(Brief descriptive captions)
□ □ □

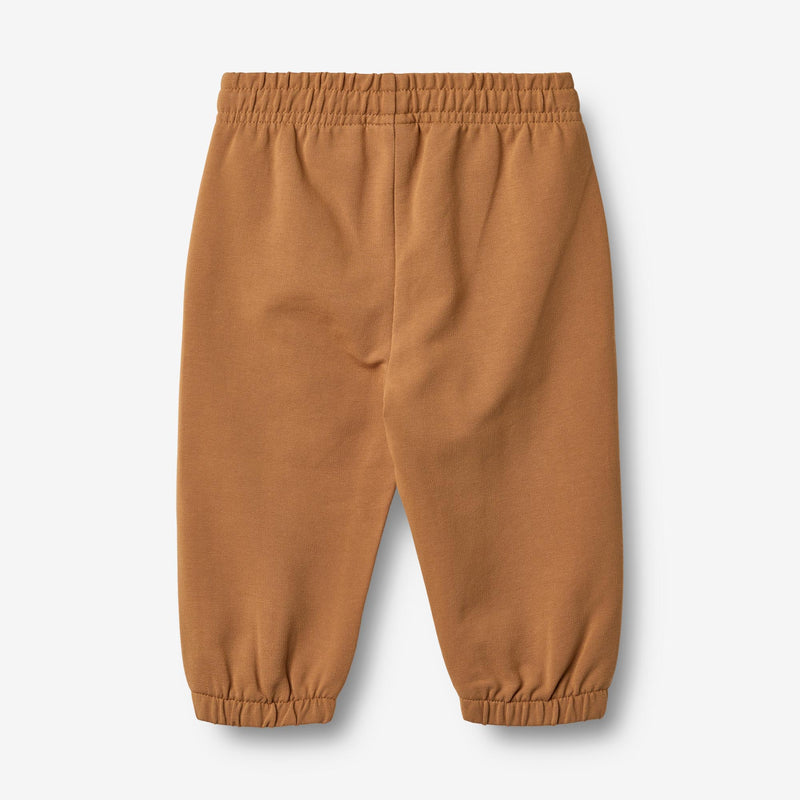 Wheat Main Sweatbukser Cruz Trousers 4341 almond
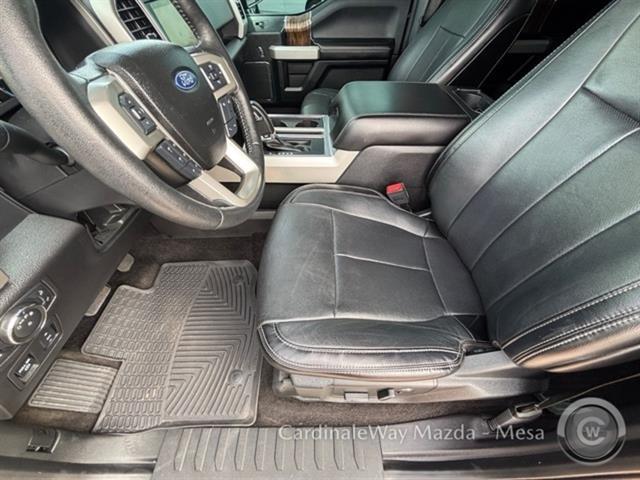 used 2018 Ford F-150 car, priced at $25,999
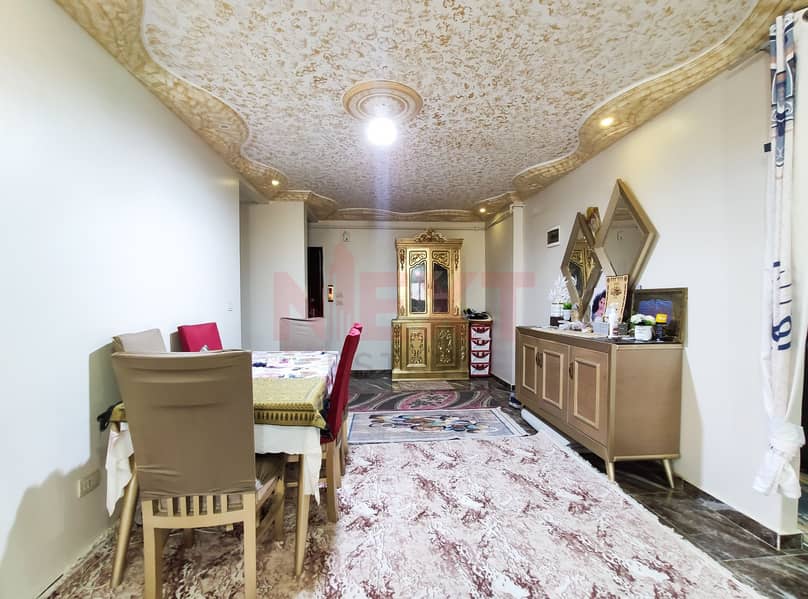 Apartment for Sale 120m – El Mandara – New 30 Street - Widok 3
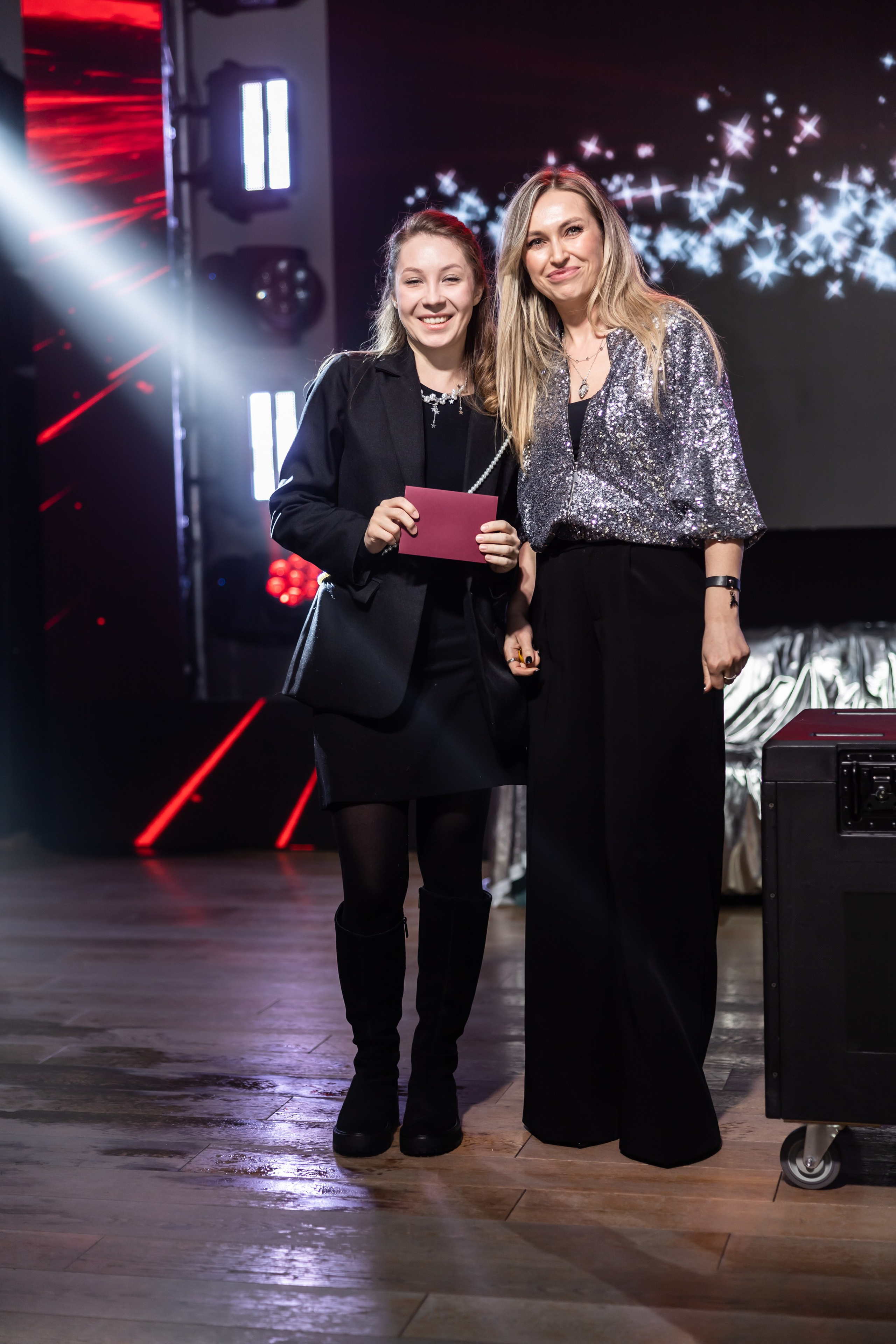 Галла ужин 16.02. Фотограф Элла Ефимова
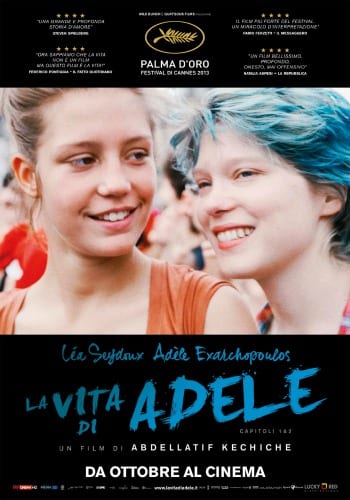 La vita di Adele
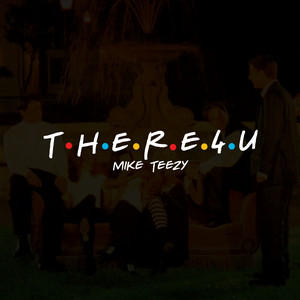 Portada de There 4 U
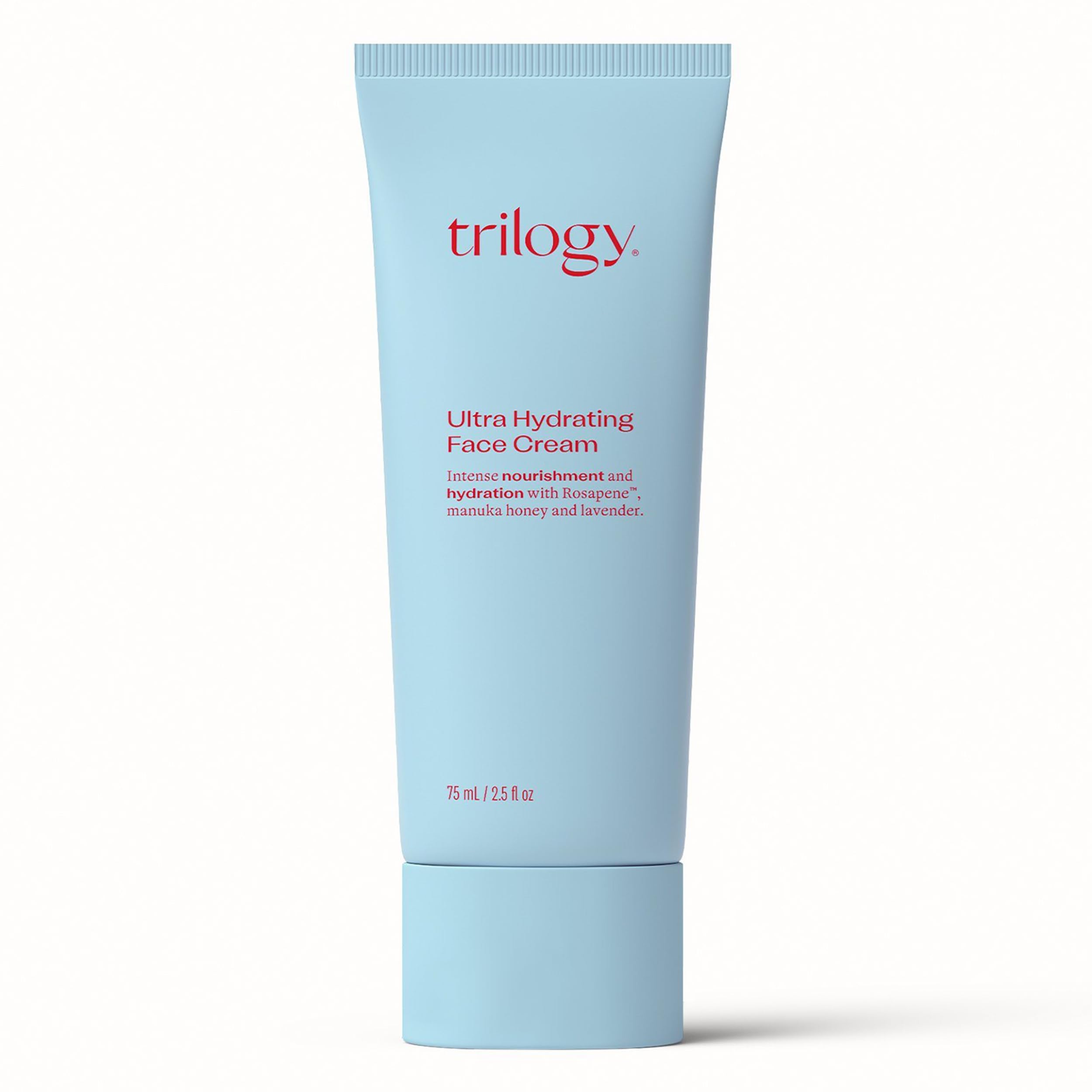 Trilogy Ultra Hydrating Face Cream 75 ml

□ □ □

=== ASSIGNMENT ===
When copying the entries, drop the images and keep every line exact.

=== ANSWER TO THIS EXERCISE ===
 Wheat Main Sweatbukser Cruz Trousers 4341 almond
 used 2018 Ford F-150 car, priced at $25,999
 Apartment for Sale 120m – El Mandara – New 30 Street - Widok 3
 Галла ужин 16.02. Фотограф Элла Ефимова
 La vita di Adele
 Portada de There 4 U
 Trilogy Ultra Hydrating Face Cream 75 ml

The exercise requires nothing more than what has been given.